Tasks

Tasks are an abstraction that represent some action to take at workflow execution time. Some examples are:

call a service
insert data into a database
do some transformation on a dataset
scrape a webpage

Task Types

There are four types of tasks currently supported:

python
bash
csip
http

Task Structure

A task has a common list of properties and structure amongst all the different types:

Property	Description	Type	Required
task	The task name, must be unique and a valid identifier (i.e. no spaces)	string	Y
python	Either an inline python string, or a path to a python file	string	At least one kind is required
bash	Either an inline bash string, or a path to a shell	string	At least one kind is required
http	a http url to make a request against, can be to a rest api, or just a normal website	string	At least one kind is required
csip	A url to a csip service	string	At least one kind is required
inputs	a object describing inputs to call the task with, the values can reference from other tasks or workflow variables	object	N
outputs	a list of outputs to capture from the tasks execution	string array	N
config	an optional configuration object, its available properties depend on the kind of task	object	N

Referencing Task data later in the workflow

Each orca task once completed persists its state for reuse later.

apiVersion: '1.0'
version: '0.1'
name: referencing task outputs
job:
    - task: get_today
      python: |
        import datetime
        today = datetime.datetime.utcnow()
      outputs:
        - today
    - task: print_today
      python: print(today)
      inputs: 
        today: task.get_today.today

In this example we are referencing the output specified by the get_today task by the string task.get_today.today Task state is namespaced under the task. directive and each tasks data is namespaced further under the task name.

Python Task

A python task is flexible and can be used in a number of different ways to suit different needs, these are: inline python external script * external module with function calls

Inline python example

This is the example we are familiar with at this point:

task: get_today
python: |
    import datetime
    today = datetime.datetime.utcnow()
outputs:
    - today

Here we are just writing our python inline to the task, this can be useful for very simple things but for more complex tasks, its recommended to either use a external script or a module to complete your python needs.
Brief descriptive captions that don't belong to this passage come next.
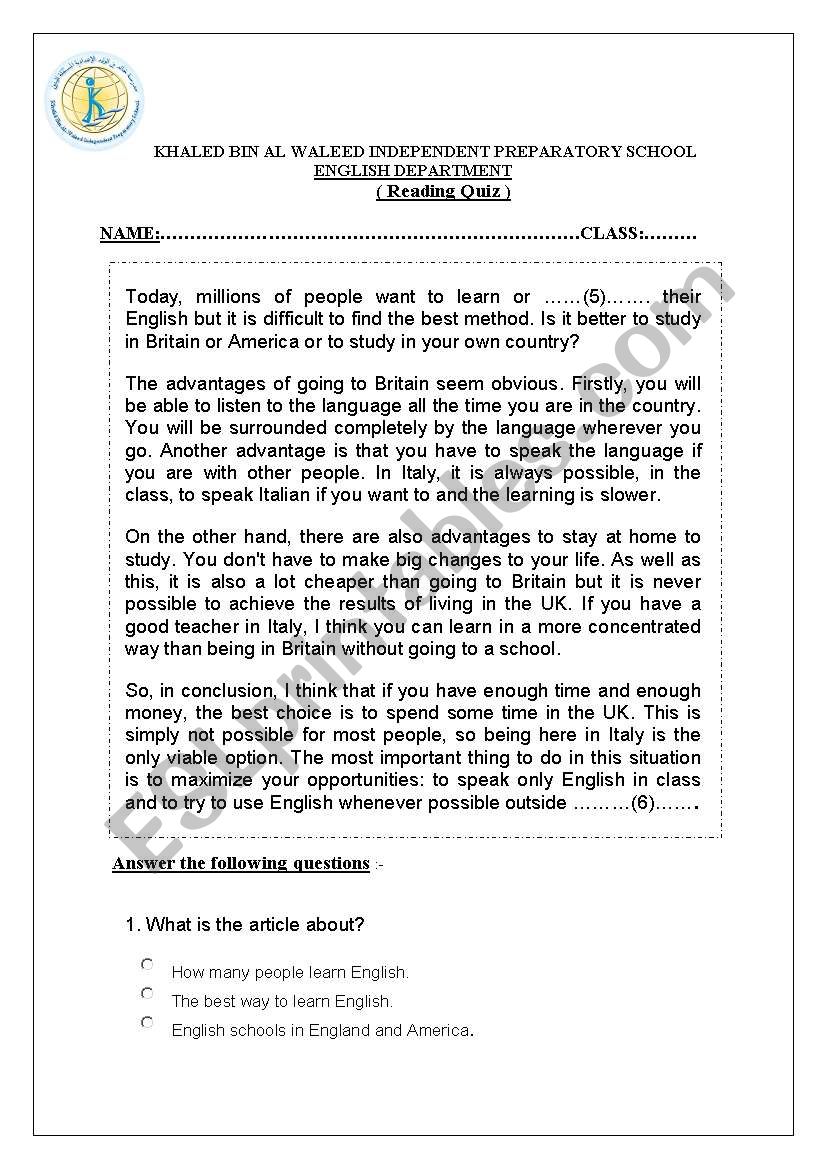 reading comprehension  worksheet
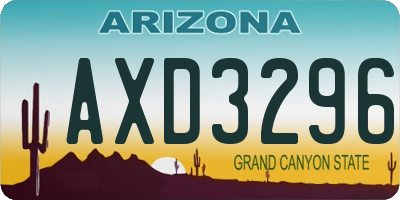 AZ license plate AXD3296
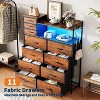 Dresser with Fabric Drawers with 11 Drawers for Storage Clothes,4 Side Pockets,Charging Station & LED Lights,Hooks,Shelves - 4 of 4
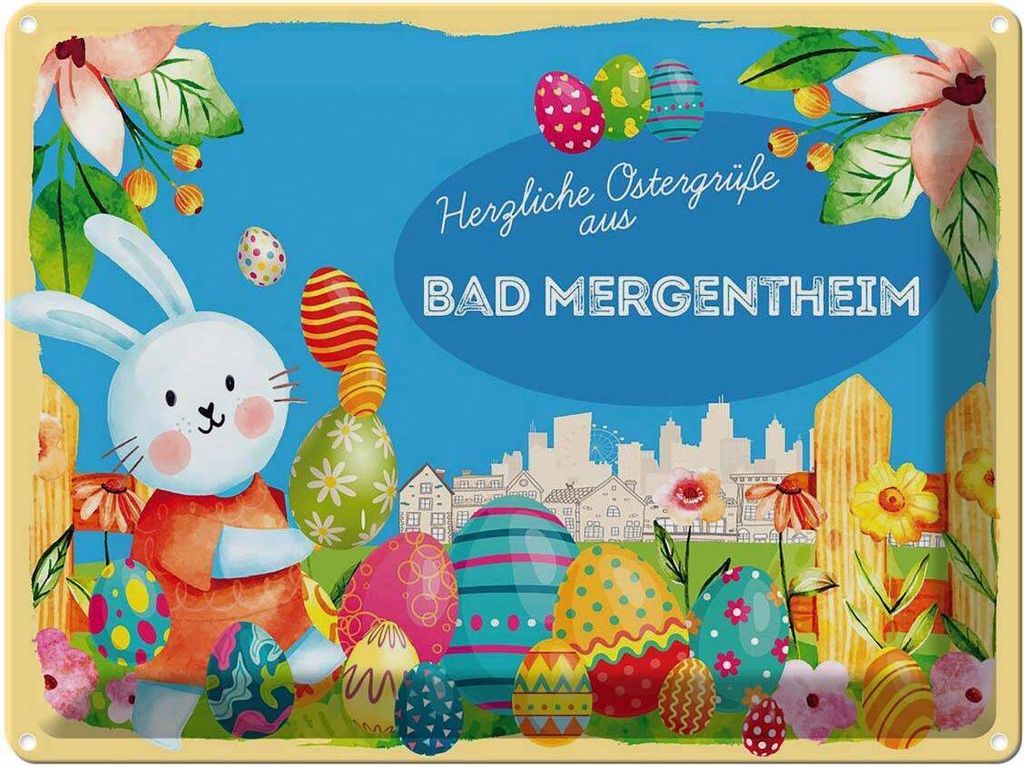 vianmo Blechschild 30x40 cm Ostern Ostergrüße BAD Produktbild 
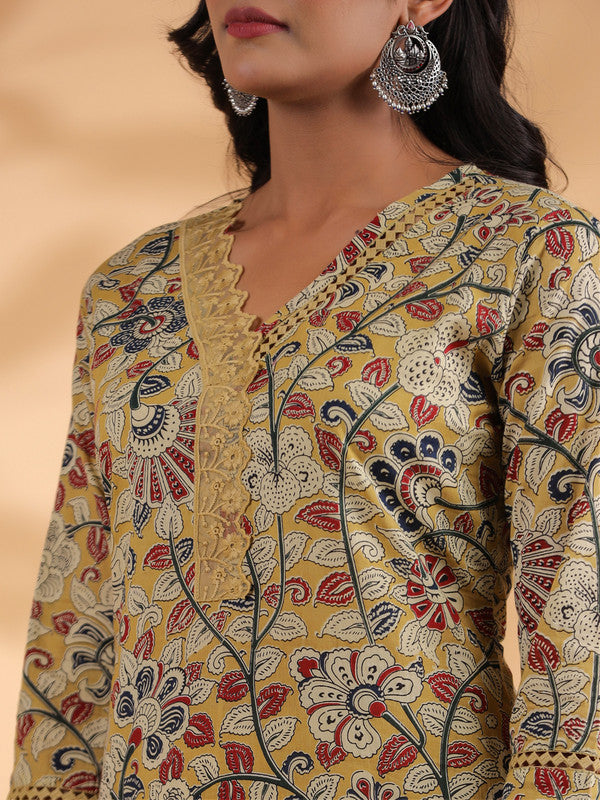 Beige Floral Print Straight Cotton Stitched Kurta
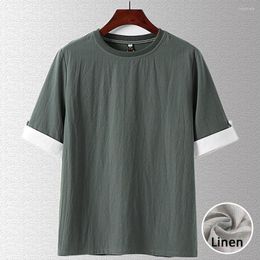 Men's T Shirts Linen T-shirts Men Plus Size 6XL Short Sleeve Tees Tops Summer Male Fashion Casual Solid Colour Tshirt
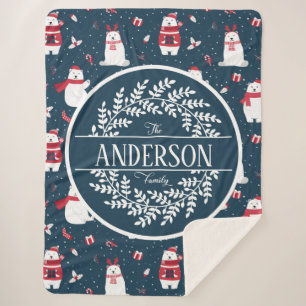 COUVERTURE SHERPA MONOGRAME DE LA FAMILLE DE LA FAMILLE POLAIRE DE L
Here we can retrieve the today variable for use later in our workflow, just like we would be able to if we were writing all of this in a normal python script

External python script example

External scripts are useful for when you want to perform some action that does not have any inputs (right now external scripts do not support injecting inputs, but we are actively working to change this) given the python file scrape.py

import bs4
import requests
import datetime
today = datetime.datetime.utcnow()
forecast = 0
file = 'nwm.t{0}z.short_range.channel_rt'
url = 'https://nomads.ncep.noaa.gov/pub/data/nccf/com/nwm/prod/nwm.{0}/short_range/'
formatted_url = url.format(today.strftime("%Y%m%d"))
html = requests.get(formatted_url, headers={'Content-Type': 'text/plain'}).content
soup = bs4.BeautifulSoup(html, 'html.parser')
a_tags = soup.find_all('a')
fmt_file = file.format(str(forecast).zfill(2))
find_file = lambda f: f.get_text().startswith(fmt_file)
file_exists = len ( list ( filter ( find_file, a_tags ) ) ) > 0
print('file {0} is present ?  = {1}'.format(fmt_file, file_exists))

apiVersion: '1.0'
version: '0.1'
name: 'scrape nomads for netcdf file'
job:
  - task: scrape
    python: ./scrape.py
    outputs:
      - file_exists
  - if: task.scrape.file_exists
    do:
      - ...

External python modules

Another way to use the python task is to reference a python module and directly access functions in the module. To do this you must utilize a special configuration for the python task using the config object.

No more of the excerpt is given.